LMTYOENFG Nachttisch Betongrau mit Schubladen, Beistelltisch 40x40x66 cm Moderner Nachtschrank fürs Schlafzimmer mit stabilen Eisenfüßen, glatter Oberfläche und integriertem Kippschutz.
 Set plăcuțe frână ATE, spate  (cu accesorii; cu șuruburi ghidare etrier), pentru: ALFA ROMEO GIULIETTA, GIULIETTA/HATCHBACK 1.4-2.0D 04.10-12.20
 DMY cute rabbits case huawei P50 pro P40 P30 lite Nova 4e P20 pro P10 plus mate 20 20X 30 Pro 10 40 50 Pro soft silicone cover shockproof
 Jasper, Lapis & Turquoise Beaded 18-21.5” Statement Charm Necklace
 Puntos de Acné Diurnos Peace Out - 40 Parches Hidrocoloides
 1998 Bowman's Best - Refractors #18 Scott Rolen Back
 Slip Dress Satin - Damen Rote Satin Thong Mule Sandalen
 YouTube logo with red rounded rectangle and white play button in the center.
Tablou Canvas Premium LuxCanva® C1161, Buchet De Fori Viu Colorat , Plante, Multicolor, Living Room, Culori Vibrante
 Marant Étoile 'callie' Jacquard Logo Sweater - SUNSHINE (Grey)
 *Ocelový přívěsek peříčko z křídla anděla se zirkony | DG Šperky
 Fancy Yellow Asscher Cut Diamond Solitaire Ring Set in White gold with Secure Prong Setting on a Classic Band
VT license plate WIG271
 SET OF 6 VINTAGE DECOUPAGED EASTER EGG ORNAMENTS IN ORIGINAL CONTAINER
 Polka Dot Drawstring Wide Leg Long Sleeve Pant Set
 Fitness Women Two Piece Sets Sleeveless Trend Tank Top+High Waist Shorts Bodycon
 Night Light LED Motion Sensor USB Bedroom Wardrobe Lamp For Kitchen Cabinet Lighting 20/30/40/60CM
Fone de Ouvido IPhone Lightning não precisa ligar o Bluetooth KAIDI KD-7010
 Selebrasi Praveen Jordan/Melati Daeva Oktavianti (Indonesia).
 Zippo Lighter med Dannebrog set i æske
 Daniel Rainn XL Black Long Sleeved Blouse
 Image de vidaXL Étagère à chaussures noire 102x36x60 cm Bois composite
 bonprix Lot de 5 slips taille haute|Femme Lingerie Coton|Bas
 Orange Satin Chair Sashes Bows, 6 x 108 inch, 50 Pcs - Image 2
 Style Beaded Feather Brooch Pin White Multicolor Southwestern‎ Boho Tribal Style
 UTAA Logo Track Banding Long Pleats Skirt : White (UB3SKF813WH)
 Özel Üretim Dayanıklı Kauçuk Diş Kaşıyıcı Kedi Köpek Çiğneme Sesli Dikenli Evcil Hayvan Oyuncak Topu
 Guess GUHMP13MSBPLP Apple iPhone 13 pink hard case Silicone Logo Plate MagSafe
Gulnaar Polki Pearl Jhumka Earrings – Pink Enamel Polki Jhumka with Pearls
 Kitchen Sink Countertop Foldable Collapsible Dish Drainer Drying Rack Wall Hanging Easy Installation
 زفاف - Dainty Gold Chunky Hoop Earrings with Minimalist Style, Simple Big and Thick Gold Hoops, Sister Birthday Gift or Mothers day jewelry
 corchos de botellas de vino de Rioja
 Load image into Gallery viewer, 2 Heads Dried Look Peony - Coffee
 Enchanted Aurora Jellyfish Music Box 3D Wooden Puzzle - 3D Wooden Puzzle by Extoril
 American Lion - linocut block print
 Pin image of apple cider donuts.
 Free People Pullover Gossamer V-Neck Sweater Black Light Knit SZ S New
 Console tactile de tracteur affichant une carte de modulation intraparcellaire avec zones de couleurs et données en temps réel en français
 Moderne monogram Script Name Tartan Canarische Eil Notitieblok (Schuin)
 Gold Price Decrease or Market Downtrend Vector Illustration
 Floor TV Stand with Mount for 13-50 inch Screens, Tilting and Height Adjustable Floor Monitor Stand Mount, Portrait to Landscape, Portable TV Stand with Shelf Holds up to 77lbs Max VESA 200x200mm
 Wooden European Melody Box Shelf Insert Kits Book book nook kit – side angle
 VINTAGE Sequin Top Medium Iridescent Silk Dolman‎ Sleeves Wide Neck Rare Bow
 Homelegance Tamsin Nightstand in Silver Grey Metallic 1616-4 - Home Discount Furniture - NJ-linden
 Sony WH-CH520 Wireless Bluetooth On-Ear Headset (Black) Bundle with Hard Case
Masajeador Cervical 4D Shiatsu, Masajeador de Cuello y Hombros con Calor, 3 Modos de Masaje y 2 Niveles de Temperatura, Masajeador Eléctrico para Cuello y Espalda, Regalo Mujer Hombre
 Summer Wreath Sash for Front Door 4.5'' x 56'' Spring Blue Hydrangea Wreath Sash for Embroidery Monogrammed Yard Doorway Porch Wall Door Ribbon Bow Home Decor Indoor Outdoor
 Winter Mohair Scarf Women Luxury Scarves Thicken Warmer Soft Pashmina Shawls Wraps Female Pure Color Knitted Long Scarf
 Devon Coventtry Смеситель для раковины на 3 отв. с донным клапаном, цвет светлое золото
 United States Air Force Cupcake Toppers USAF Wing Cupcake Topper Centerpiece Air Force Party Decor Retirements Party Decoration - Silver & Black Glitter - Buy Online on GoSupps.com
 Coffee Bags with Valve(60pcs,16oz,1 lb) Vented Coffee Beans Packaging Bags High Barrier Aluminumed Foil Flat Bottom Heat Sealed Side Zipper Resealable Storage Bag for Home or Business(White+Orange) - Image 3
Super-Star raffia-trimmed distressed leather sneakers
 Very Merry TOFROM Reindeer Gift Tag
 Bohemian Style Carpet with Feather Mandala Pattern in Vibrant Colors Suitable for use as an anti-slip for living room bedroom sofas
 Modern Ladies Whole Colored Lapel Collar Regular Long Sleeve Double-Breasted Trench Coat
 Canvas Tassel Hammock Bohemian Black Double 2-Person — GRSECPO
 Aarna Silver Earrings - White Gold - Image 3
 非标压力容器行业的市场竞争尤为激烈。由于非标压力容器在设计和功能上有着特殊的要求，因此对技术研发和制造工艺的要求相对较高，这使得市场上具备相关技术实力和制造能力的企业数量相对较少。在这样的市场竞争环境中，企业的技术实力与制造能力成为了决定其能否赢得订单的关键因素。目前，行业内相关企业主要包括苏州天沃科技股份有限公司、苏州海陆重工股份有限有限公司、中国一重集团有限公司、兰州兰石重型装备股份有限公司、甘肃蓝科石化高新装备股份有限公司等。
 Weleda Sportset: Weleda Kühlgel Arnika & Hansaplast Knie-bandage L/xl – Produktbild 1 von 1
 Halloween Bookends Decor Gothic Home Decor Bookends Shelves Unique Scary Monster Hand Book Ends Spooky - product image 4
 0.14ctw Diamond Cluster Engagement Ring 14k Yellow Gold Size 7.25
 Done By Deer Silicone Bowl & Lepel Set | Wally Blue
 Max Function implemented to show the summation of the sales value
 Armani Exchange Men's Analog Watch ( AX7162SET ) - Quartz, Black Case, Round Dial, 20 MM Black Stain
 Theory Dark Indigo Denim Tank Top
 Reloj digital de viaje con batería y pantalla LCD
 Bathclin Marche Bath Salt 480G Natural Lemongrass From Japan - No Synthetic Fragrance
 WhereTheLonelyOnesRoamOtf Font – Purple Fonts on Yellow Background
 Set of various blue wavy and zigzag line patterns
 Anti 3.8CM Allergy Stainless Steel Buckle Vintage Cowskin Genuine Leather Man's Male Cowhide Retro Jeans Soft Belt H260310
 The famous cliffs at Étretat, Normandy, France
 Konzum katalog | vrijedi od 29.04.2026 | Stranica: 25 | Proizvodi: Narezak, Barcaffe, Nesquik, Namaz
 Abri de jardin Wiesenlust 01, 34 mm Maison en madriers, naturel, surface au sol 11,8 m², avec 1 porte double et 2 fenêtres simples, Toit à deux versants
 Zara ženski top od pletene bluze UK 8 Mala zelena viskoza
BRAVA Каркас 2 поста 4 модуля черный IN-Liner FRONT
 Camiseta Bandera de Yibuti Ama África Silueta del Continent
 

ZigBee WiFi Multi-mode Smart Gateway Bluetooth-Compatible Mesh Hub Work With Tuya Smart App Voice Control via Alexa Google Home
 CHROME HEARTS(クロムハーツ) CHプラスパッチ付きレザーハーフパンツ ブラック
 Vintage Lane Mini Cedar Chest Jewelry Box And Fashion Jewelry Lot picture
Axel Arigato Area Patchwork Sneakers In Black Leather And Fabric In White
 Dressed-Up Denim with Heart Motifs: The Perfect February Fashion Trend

+--

▶ [Task to complete]: Taking the listing above as the source, transcribe only the lines starting at the line with "WhereTheLonelyOnesRoamOtf Font –" and going through the line with "Abri de jardin", unaltered and with both ends included.

▶ [Task solution]:
 WhereTheLonelyOnesRoamOtf Font – Purple Fonts on Yellow Background
 Set of various blue wavy and zigzag line patterns
 Anti 3.8CM Allergy Stainless Steel Buckle Vintage Cowskin Genuine Leather Man's Male Cowhide Retro Jeans Soft Belt H260310
 The famous cliffs at Étretat, Normandy, France
 Konzum katalog | vrijedi od 29.04.2026 | Stranica: 25 | Proizvodi: Narezak, Barcaffe, Nesquik, Namaz
 Abri de jardin Wiesenlust 01, 34 mm Maison en madriers, naturel, surface au sol 11,8 m², avec 1 porte double et 2 fenêtres simples, Toit à deux versants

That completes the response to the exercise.